> [TASK TO CARRY OUT]: Since pictures are not part of the copy, please output only the lines from the one with "Abbey Green, Oakfield - Photo 1" through the end of the data below, exactly as written.

> [ENTRIES SUPPLIED]:

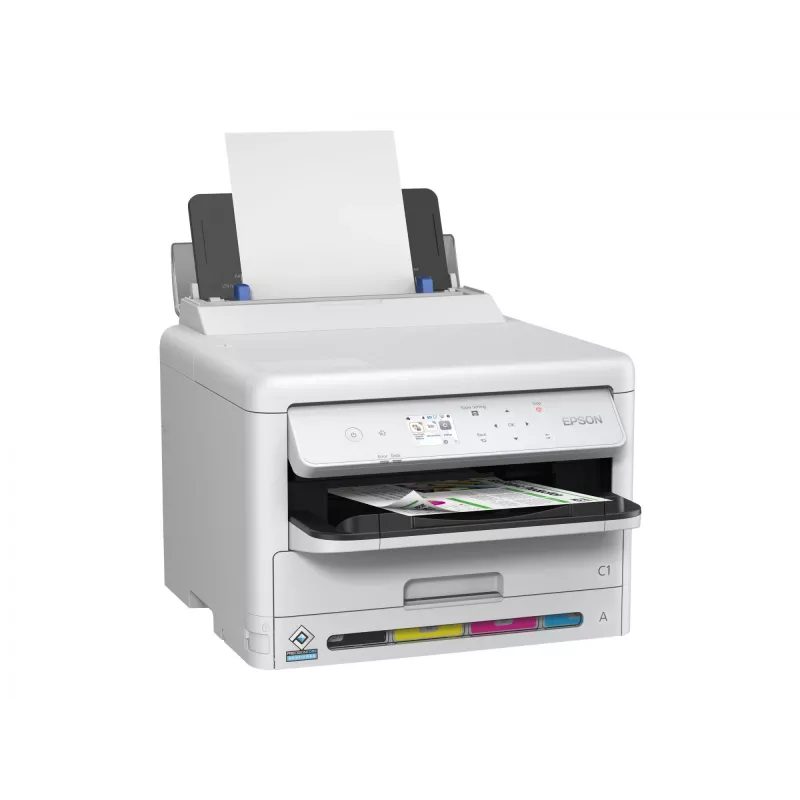 Epson WF-C5390DW Drukarka atramentowa Kolor 4800 x 1200 DPI A4 Wi-Fi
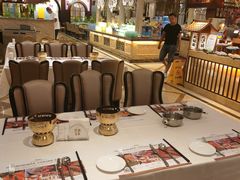 -芭菲盛宴·环球美食(北城国际店)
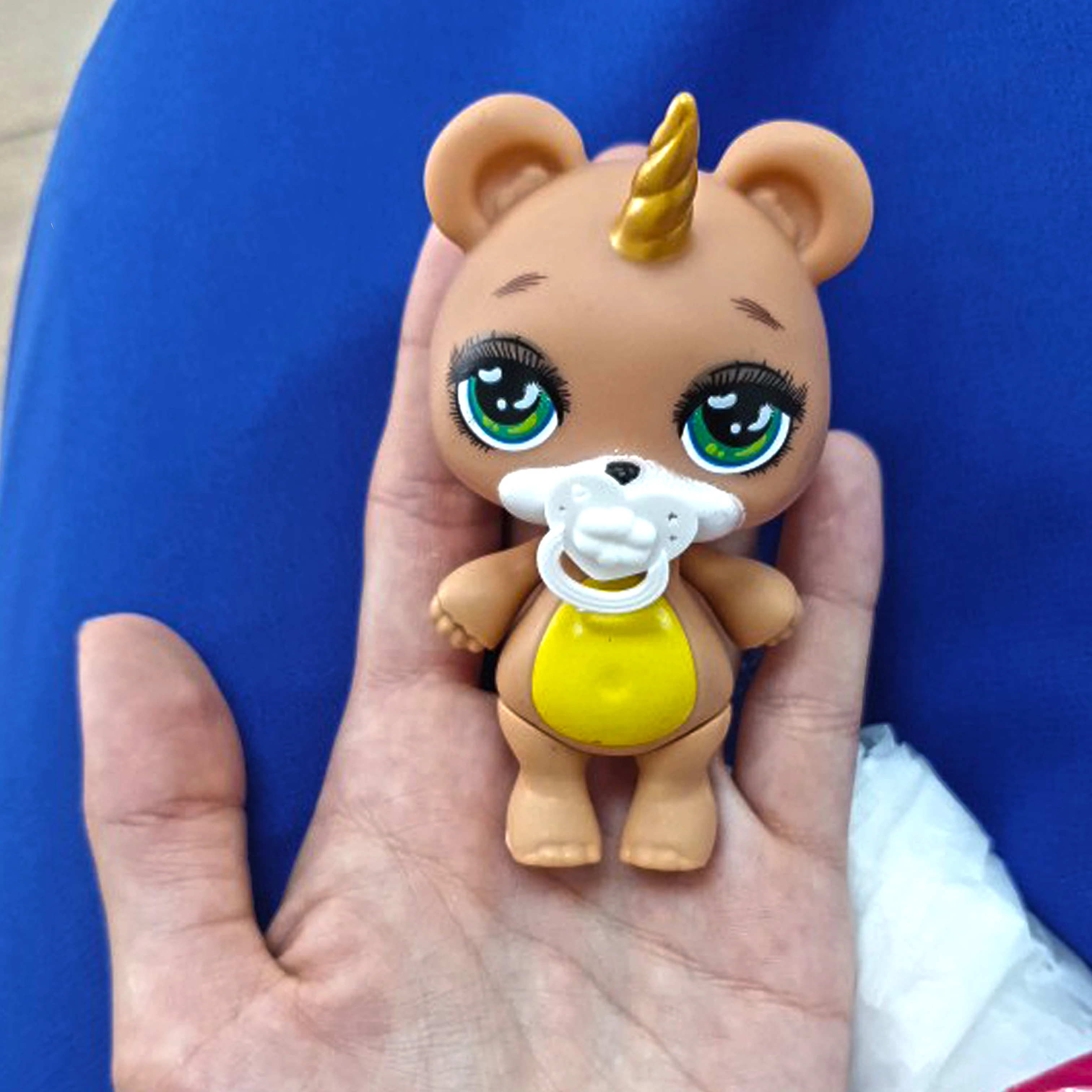 Lanyitoys новые милые стили POOPSIE в сжимаемых игрушках мягкие игрушки unicornio мягкие игрушки Мягкий кот удивительное poopsie slime 4 дюйма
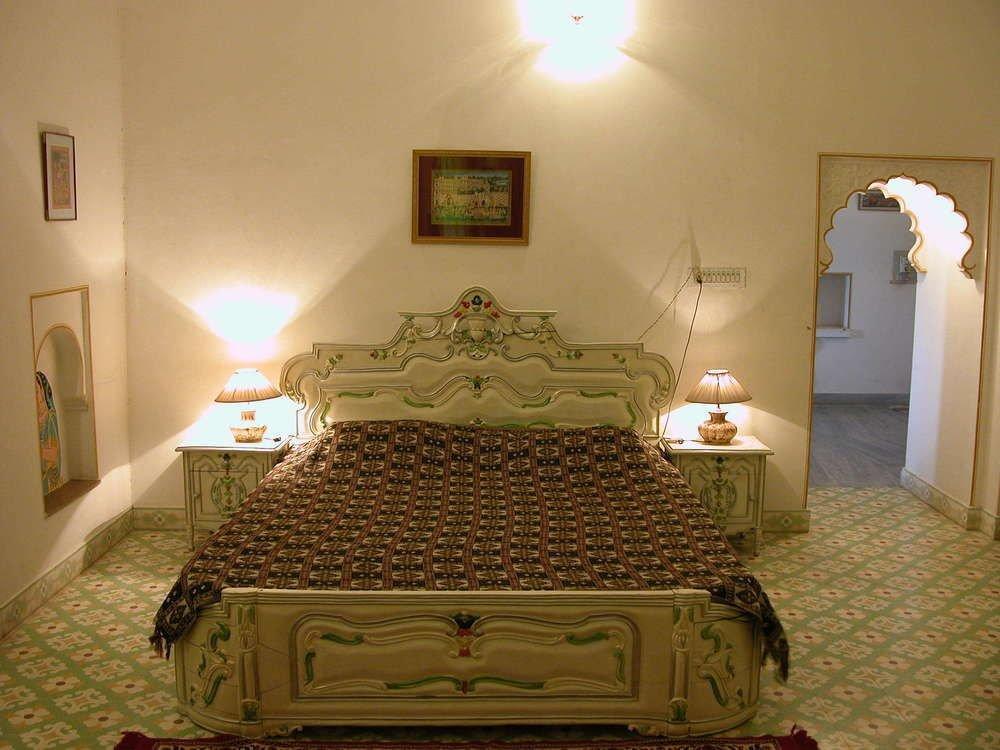 Bassi Fort Palace Chittorgarh Εξωτερικό φωτογραφία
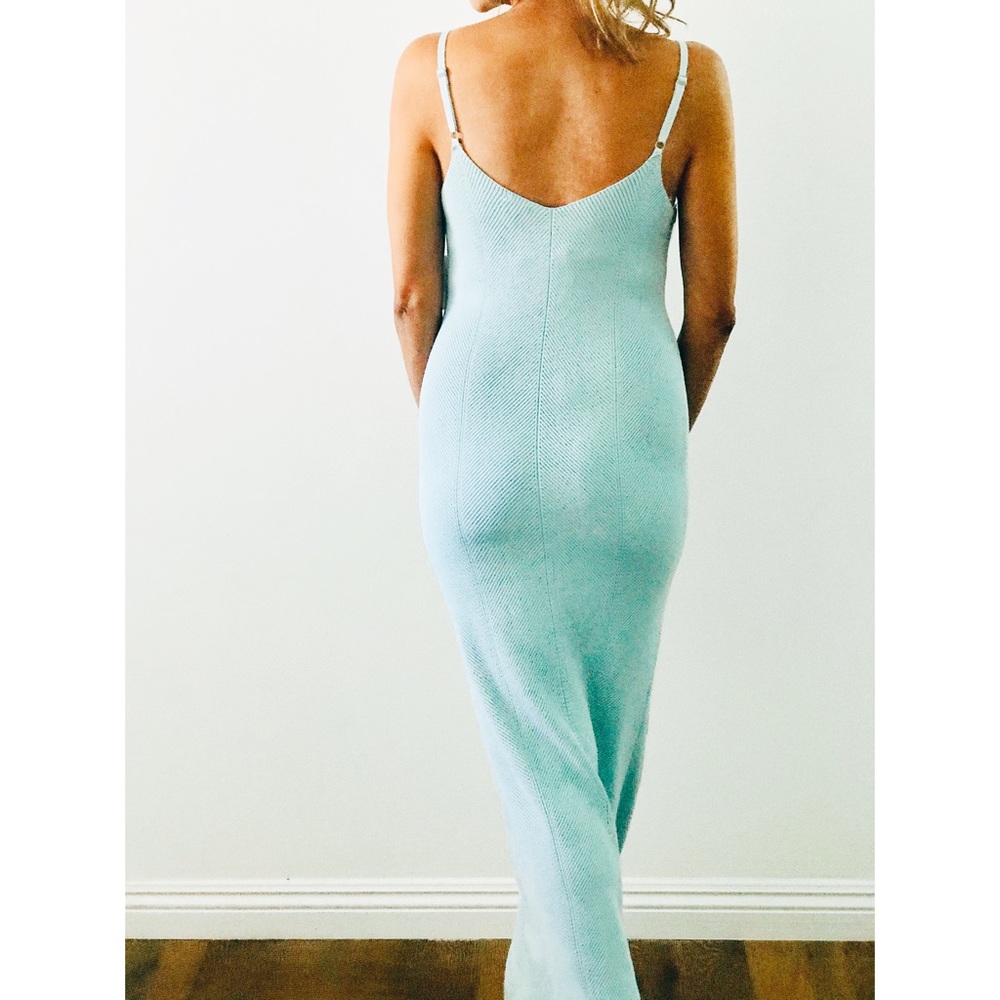 SOLD NWT Knit beach dress size Small - Picture 3 of 5
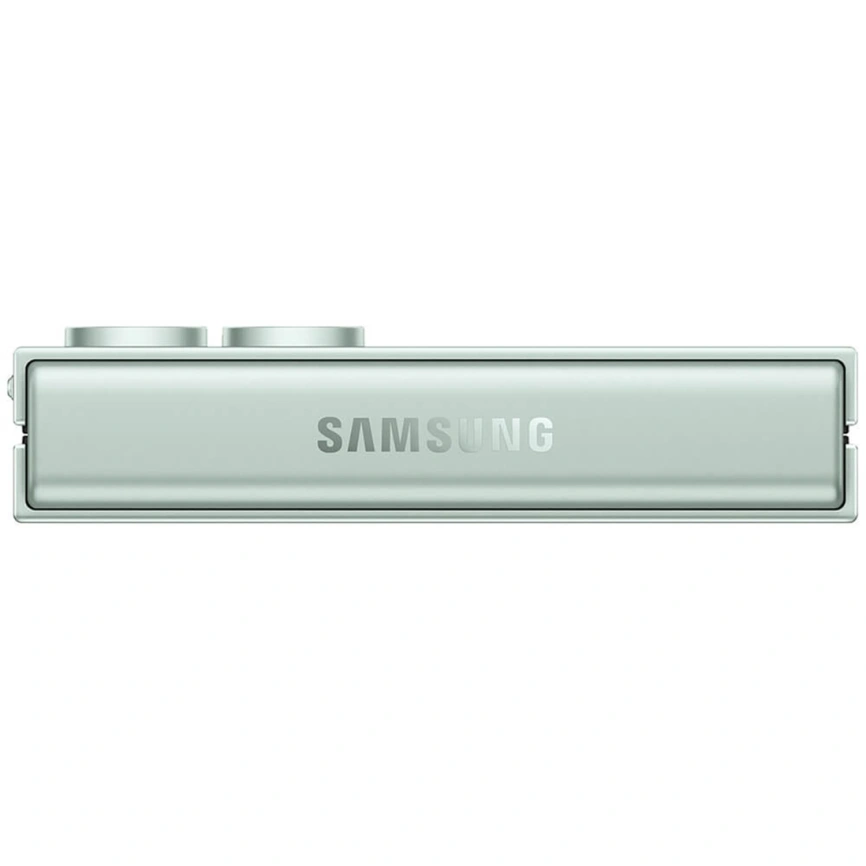 Смартфон Samsung Galaxy Z Flip6 12/512GB Mint фото 9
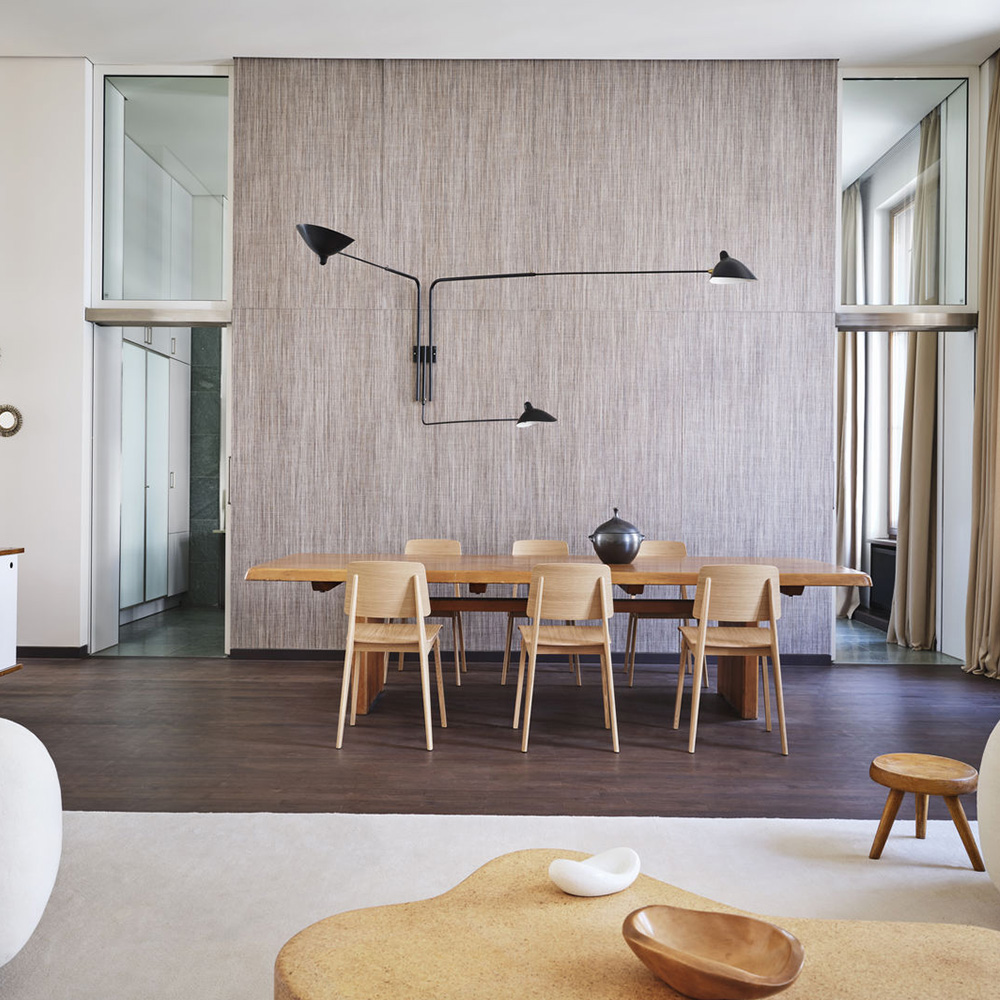 Chaise Tout Bois chair - Bild 3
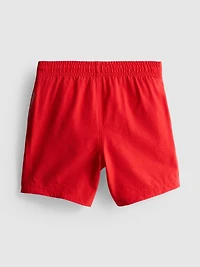 1.5-9yrs | Textured Swim Shorts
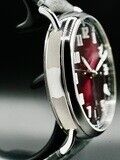 H. Moser and Cie. Heritage Dual Time 8809-1200 image 1 thumbnail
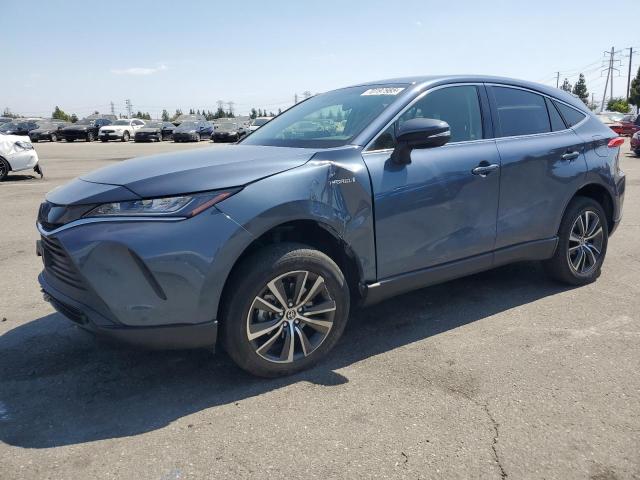  Salvage Toyota Venza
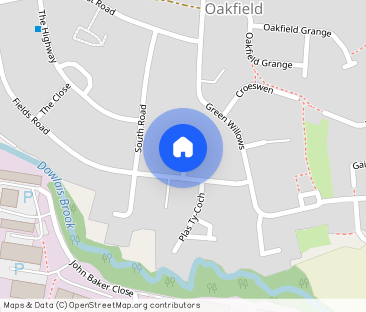 Abbey Green, Oakfield - Photo 1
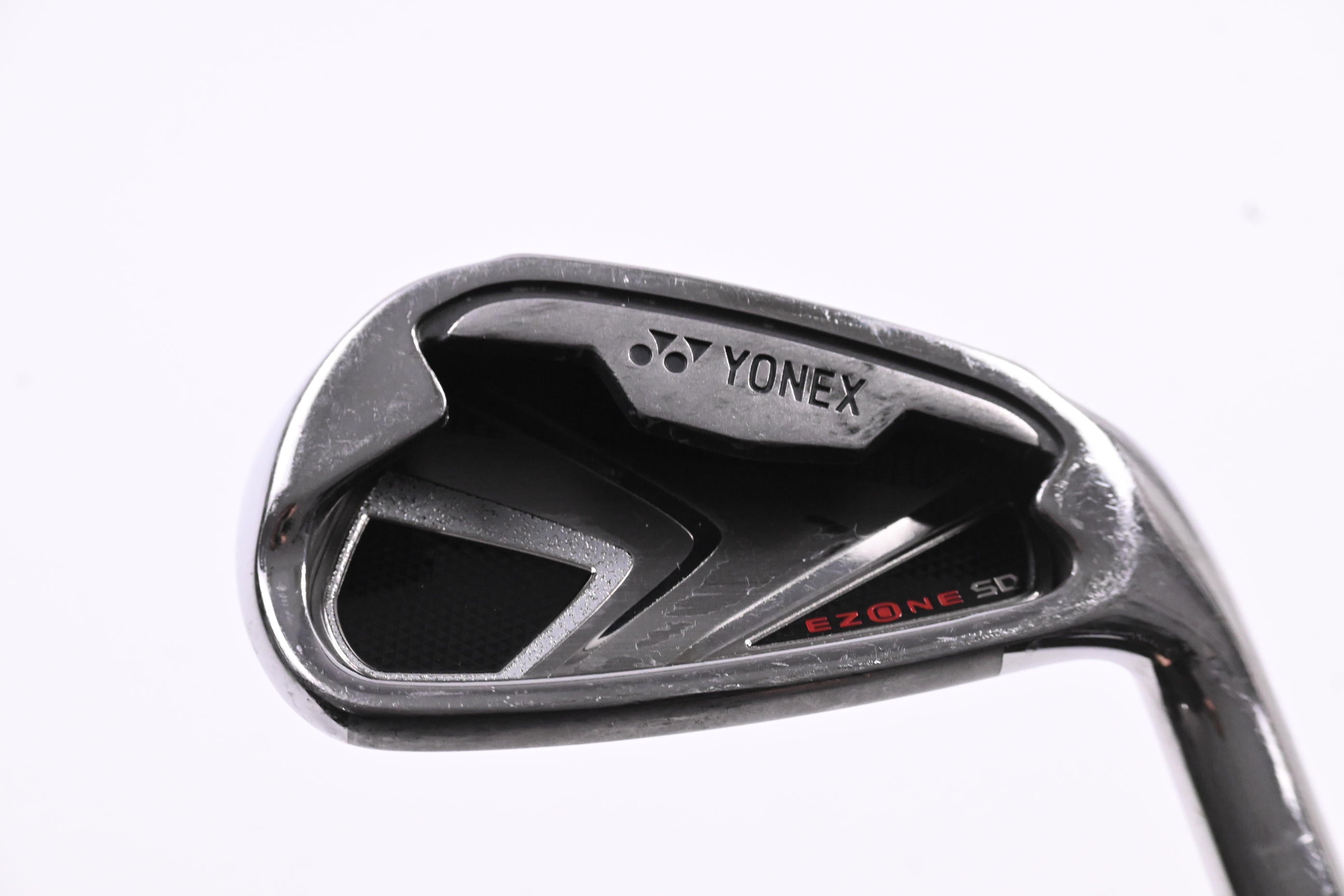 Yonex Ezone SD #6 Iron / Regular Flex Accra 60i Shaft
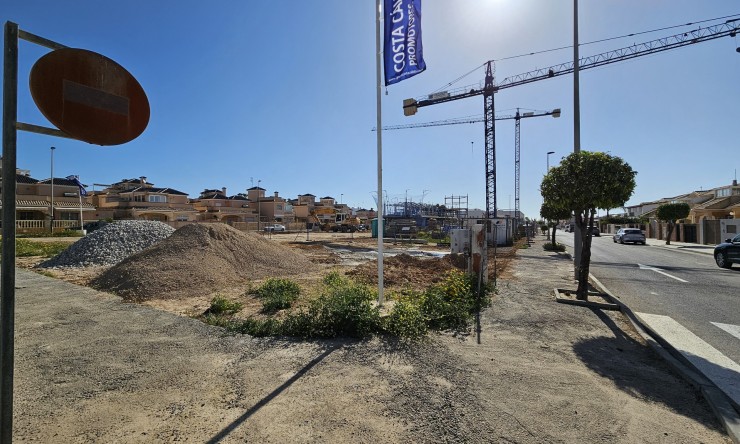 Nueva - Apartamento - Torre de la Horadada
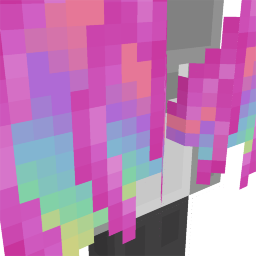 Pastel Dragon Wings Key Art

> [RESULT]:
 Abbey Green, Oakfield - Photo 1
 Yonex Ezone SD #6 Iron / Regular Flex Accra 60i Shaft
 Nueva - Apartamento - Torre de la Horadada
 Pastel Dragon Wings Key Art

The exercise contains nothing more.